Есть, конечно, и примеры Ирана, Судана, Афганистана, где приход к власти фундаменталистов ознаменовал собой откат назад, приход к власти политиков, взявших курс на создание замкнутой, самообеспечивающейся экономики и обособление государства от внешнего мира. Фундаментализм способствовал здесь и укреплению диктатур. Нет никакой гарантии, что и в других мусульманских странах фундаменталисты, находящиеся в оппозиции, используют столь жестко критикуемые ими современные демократические институты лишь для легального вхождения во власть, после чего упразднят их либо придадут им чисто формальный характер: например, западная по виду конституция будет функционировать, правящий режим будет оперировать исламскими терминами и понятиями, но суть его будет репрессивной.
И все же формы реализации фундаменталистского проекта в той или иной мусульманской стране зависят от конкретной внутренней ситуации: от того, обладают ли фундаменталисты какими–либо серьезными возможностями для проникновения в политические структуры; насколько эффективно работает в государстве система подавления; много ли союзников могут найти сторонники фундаментализма в военной среде и в силах безопасности; находится ли государство в социально–экономическом кризисе и т. д. Важное значение имеет также международный политический и экономический фон, степень включенности страны в мировые процессы.

СПЕЦИФИКА ФУНДАМЕНТАЛИЗМА В РОССИИ

Все эти положения во многом касаются и России. Здесь фундаменталисты не сумели пока формализоваться в качестве влиятельных движений, партий, организаций, так, как это произошло в исламских странах Третьего мира. К тому же, если на мусульманском Востоке сторонники умеренных религиозно–фундаменталистских течений видят в исламе стержень, который позволяет сохранить исламскую цивилизацию в условиях доминирования Запада, то в России фундаментализм не сложился как самостоятельное религиозное течение: он замутнен, захвачен идеологией шовинизма и псевдокоммунизма.
По мере того как предпринимаются попытки реформировать российскую экономику, десоветизировать жизнь общества, привести ее в соответствие с международными правовыми нормами (например, касающимися защиты прав и свобод человека, прав национальных и религиозных меньшинств и т. п. ), разнообразные проявления фундаменталистской оппозиции этим процессам становятся все заметнее.
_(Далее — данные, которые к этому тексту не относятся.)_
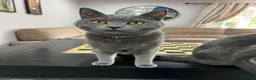 British Shorthair cats for sale: 2 beautiful cats,  in Stoke-on-Trent - Advert 2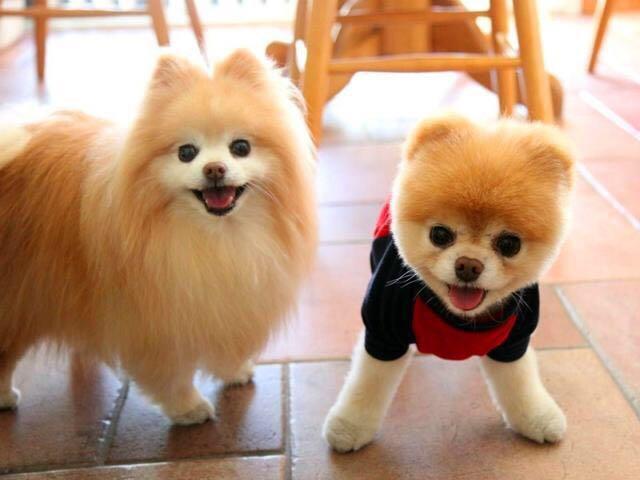 怎么喂养小博美狗,怎么喂养博美能消除泪痕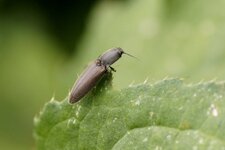 Taupin sp - Athous sp 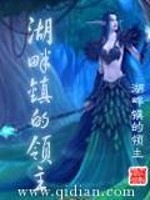 Bìa truyện Hồ Bạn Trấn Đích Lĩnh Chủ (湖畔镇的领主)
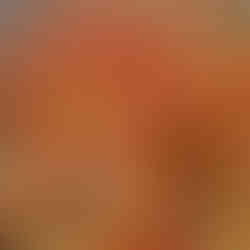 Yellow Beans with Tomato, Garlic and Herbs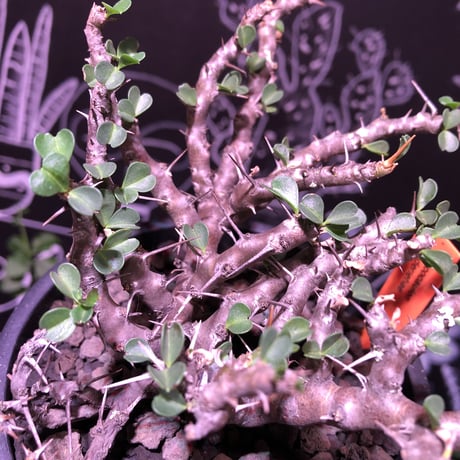 sarcocaulon  vanderietiae《M size》※現地球発根済‼︎※サルコカウロン希少夏型※店主国内管理３年株‼︎※大変wildな枝振り‼︎※mad  black  pot植え
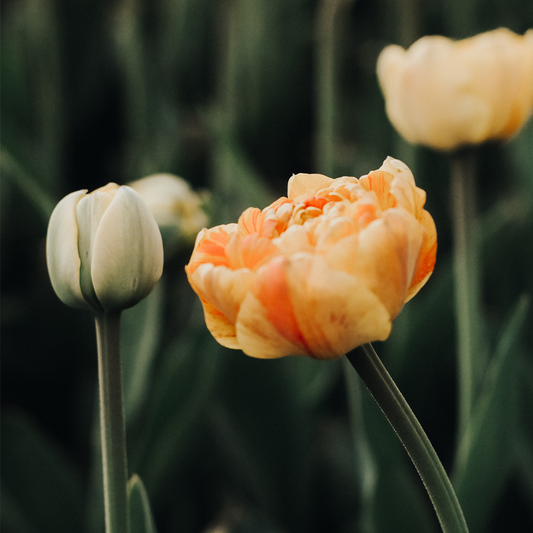 Celebrating Milestones: Finding Joy and Hope During Chemotherapy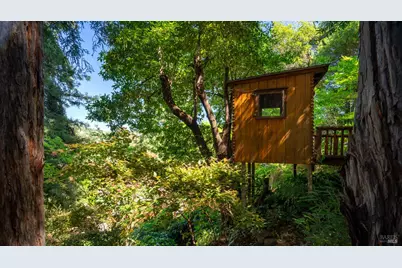 5 Viox Way, San Rafael, CA 94901 - Photo 62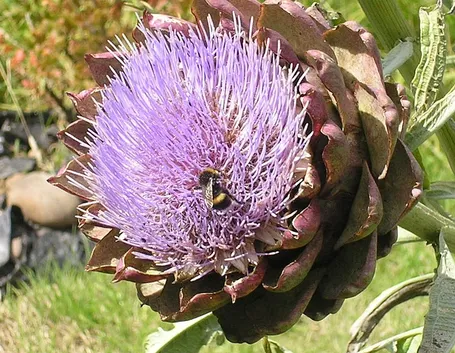 Capolino di carciofo in fioritura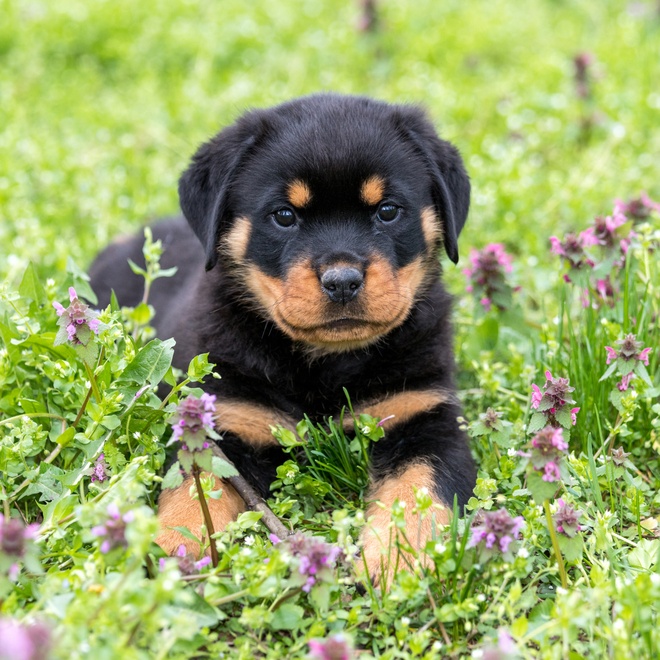 A Rottweiler puppy lying in the grass
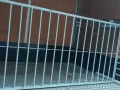 单人铁床出售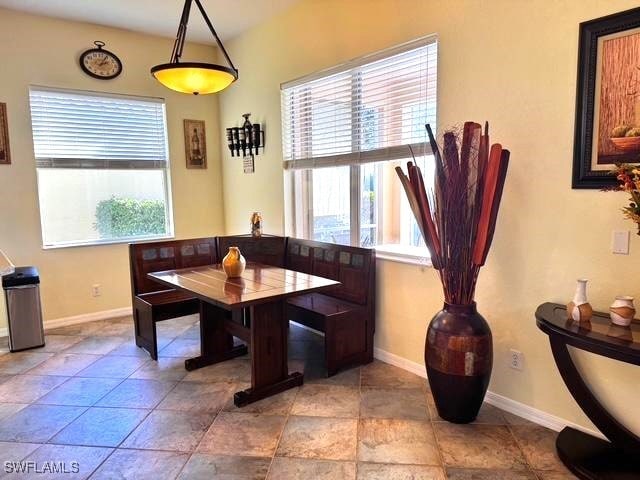 dining space featuring plenty of natural light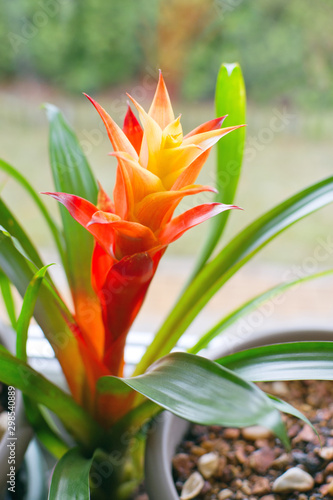 Guzmania lingulata (droophead tufted airplant or scarlet star) growing in flower pot on window sill photo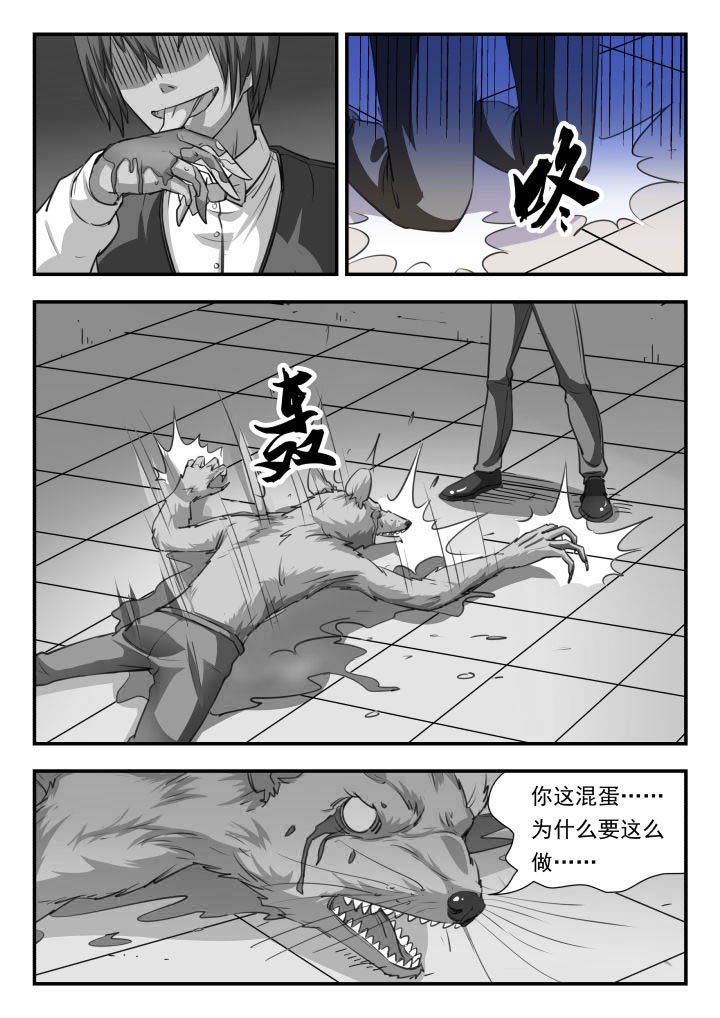 第40章：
Наряду с представителями других течений и направлений фундаменталистски настроенные политики и идеологи заняли определенную нишу в общественно–политической жизни России и пытаются найти ответы на вызовы, которые возникли перед постсоциалистической Россией в процессе ее вхождения в глобальный мир.
Ведь после распада СССР Россия очутилась в качественно новой ситуации. Внутри государства внедрение элементов западной политической и экономической модели сопровождается ростом коррупции и криминализации власти и общества. Это порождает социальную напряженность, а национализм, этнический сепаратизм, местничество – явления, ранее жестоко подавлявшиеся союзным центром, – становятся серьезными вызовами формирующейся российской государственности. На региональном уровне – в пределах бывшего СССР – Россия, не сумев (или не особенно стремясь) интегрировать под своей эгидой страны СНГ, воскрешая время от времени мифы о славянском единстве, об общности судеб народов, входивших некогда в состав СССР, о “братском единстве” и т. п., так и не решила для себя дилемму: сосредоточиться на внутрироссийских проблемах или же, если и не попытаться “с заднего хода” восстановить “империю”, то уж по крайней мере углубить процесс государственного объединения с другими постсоветскими республиками. На глобальном уровне влияние России на мировые дела резко сузилось и оказалось совершенно несопоставимо с той ролью, которую играл в мировой экономике и международной политике Советский Союз: едва ли могут переломить ситуацию попытки реанимирования старых идеологий (антиамериканизма) и союзов времен “холодной войны” (с Ираком, Индией, Сирией, Ливией, палестинцами). Следовательно, как и в начале 90–х годов, когда распался Советский Союз, Россия не определилась со своими политическими и экономическими приоритетами ни внутри страны, ни в постсоветском пространстве, ни на региональном, ни на глобальном уровне.
Обращает на себя внимание и некоторое сходство политических процессов, условий и предпосылок, которые стали основой формирования фундаменталистской оппозиции в исламском мире и в России.
Как и в постколониальных государствах Азии и Африки, в России очень сильна антимодернизаторская оппозиция курсу рыночных реформ, а также тому, чтобы Россия становилась частью глобального, или постиндустриального мира, чтобы она воспринимала идеи и модели западного происхождения. И здесь фундаментализм также является отражением ущемленного национального самолюбия, уязвленного бедственным состоянием общества и обнаружившимся контрастом с развитыми “богатыми нациями”.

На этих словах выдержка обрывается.